The biggest issue for most entrepreneurs is cash.

Whether the economy is booming or in the doldrums, entrepreneurs need investment capital to kick off their projects.  

Many entrepreneurs have ideas that contain significant potential.  But the idea is only the beginning.  The trick is to implement the idea, to make it a reality. Doing that is not so simple or easy. Entrepreneurs, generally, possess a significant amount of drive, especially when it comes to their own ideas.  But they soon realize that there is no "free money" out there. No one is going to give them any capital until they invest significantly in their own idea.  

The current real estate market makes getting a home equity loan - often used in the past by budding entrepreneurs - more difficult now.   Some entrepreneurs have turned to using the "Visa/Master Card loan" by running up charges on their personal credit cards.  This method of acquiring cash can work in the short term but becomes a very expensive means of financing in the long term.

There are other options for financing, such as venture capitalists and "angels." However, for the most part, venture capitalists are more interested in companies producing revenue and those that have a solid customer base.  Even angel investors are moving away from early start-up operations due to the significant risk associated with that kind of investment.

 For the most part, entrepreneurs are on their own until they are able to secure some real customers and generate real revenue.  

Advisors to emerging entrepreneurial enterprises often suggest the company focus on a single product or service to generate both customers and revenue. Once the company can establish a "market need" - proof that people will purchase their product or service - the risk factors for equity investors goes down significantly.  The company is then much more likely to acquire equity investment or debt financing.

There are other options for entrepreneurs.

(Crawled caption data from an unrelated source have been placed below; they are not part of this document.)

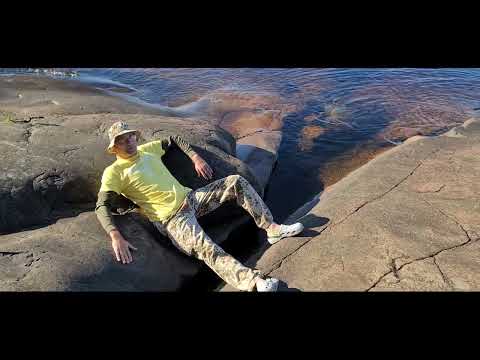 Видео: Петроглифы Онежского озера с Иваном Crazy гидом.
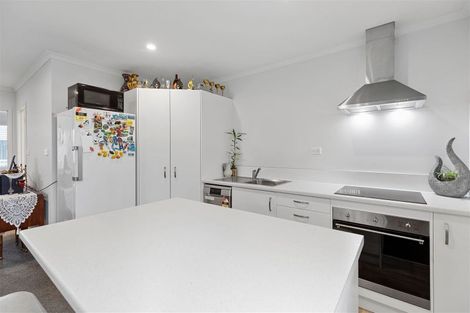 Photo of property in 12 Crest Way, Papamoa, 3118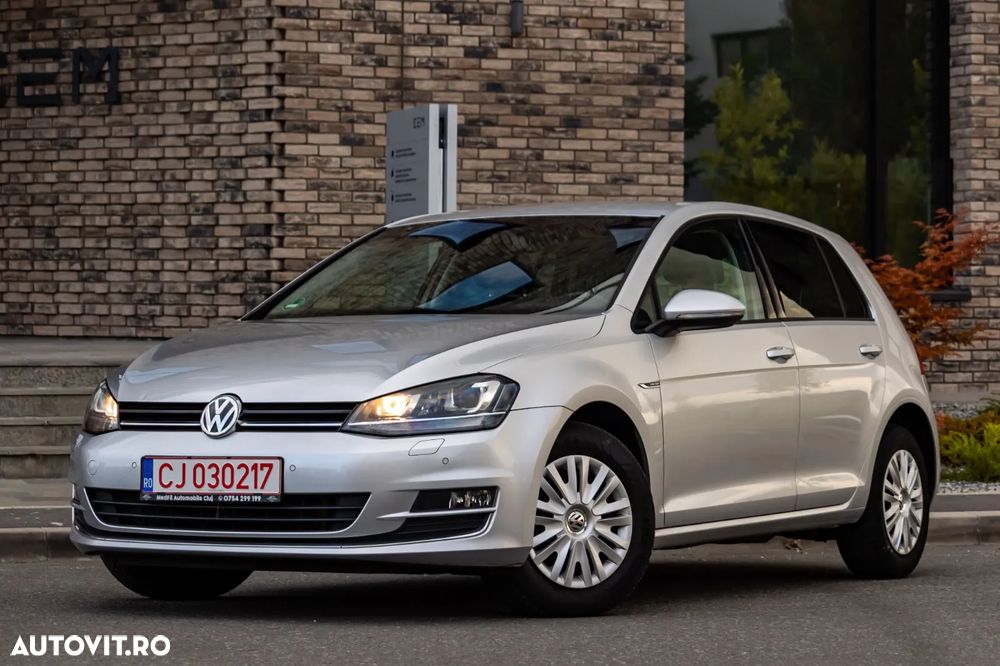 Volkswagen Golf 1.6 TDI BlueMotion Technology Cup - 2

The New Jersey Business Incubation Network (NJBIN, www.njbin.org  ) is establishing a small fund for incubator client companies that will provide a cash match for up to $50,000 to assist start-up companies.  The funds are provided by the New Jersey Commission on Science and Technology (http://www.nj.gov/scitech).  NJBIN is an association of incubator managers connected to the 14 incubators in the State of New Jersey.  Other sources are available for companies with "high-value" products.  But most entrepreneurs will find themselves out on their own.

Those who do may also want to turn to support organizations such as the Entrepreneurs Forum of Southern New Jersey (www.efsnj.org), which holds monthly meetings to assist small and start-up companies in successfully building their customer base and revenues.  In February, for example, the group held a meeting on leasing as an alternative method of financing a start-up or small business expansion.  Meetings with similar topics are scheduled every month except during the summer.

Entrepreneurs also may look to higher education for assistance. The Rowan University Incubator has assisted more than 40 companies in the last year.  All are "associate" companies because the Incubator has not yet moved into its new space in the South Jersey Technology Park (http://www.sjtechpark.com/).  "We are expecting to move in sometime this summer," said Peter Jamieson, associate director of the Center for Innovation and Entrepreneurship and the incubator manager.  "Once we have actual space, we can offer support on a more regular basis to our client companies.  The incubator provides monthly mentoring as well as office space and most business amenities as part of the total package provided to all client companies."